→ EXERCISE:
Only the lines below between the ones containing "6 dritte per" and "4624 E Rosecrans, Compton, CA 90221", inclusive, are to be reproduced, each exactly as it stands.

--- INFORMATION Enclosed Below ---

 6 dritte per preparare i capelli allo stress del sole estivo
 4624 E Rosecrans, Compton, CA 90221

--- End of Enclosed INFORMATION ---
--- INFORMATION Enclosed Below ---

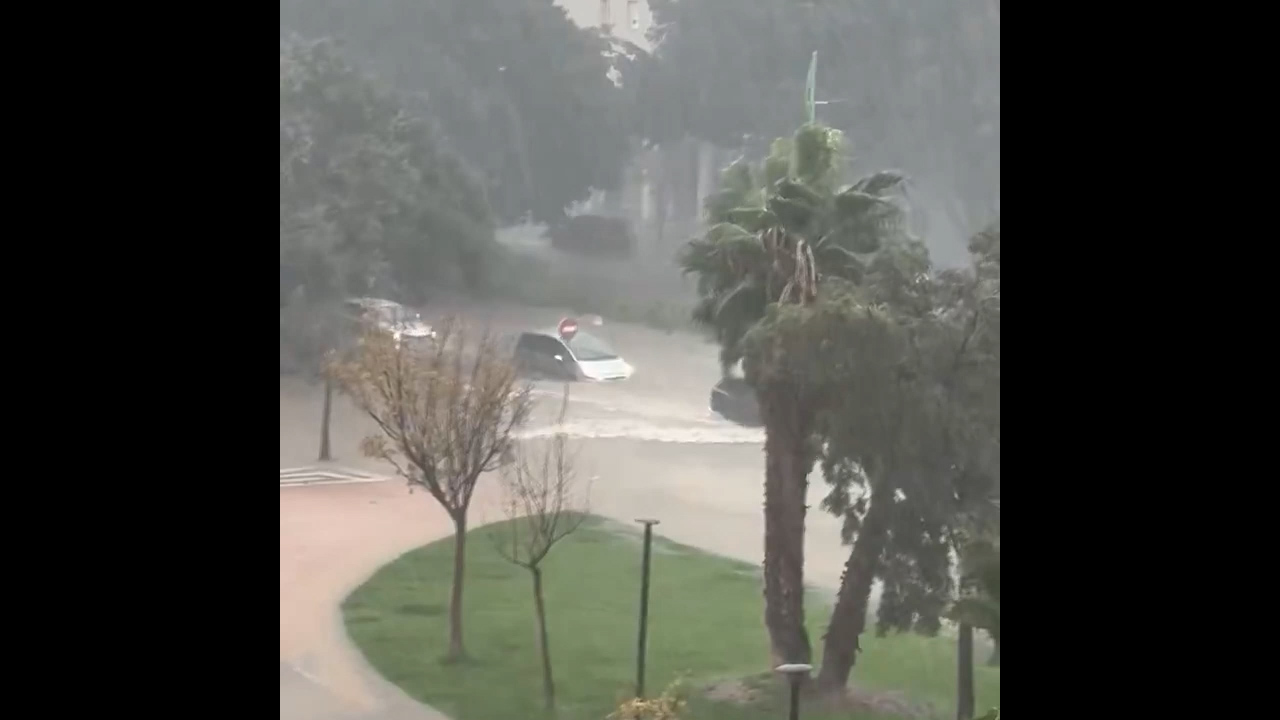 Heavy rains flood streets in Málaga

--- End of Enclosed INFORMATION ---

→ EXERCISE RESPONSE:
 6 dritte per preparare i capelli allo stress del sole estivo
 4624 E Rosecrans, Compton, CA 90221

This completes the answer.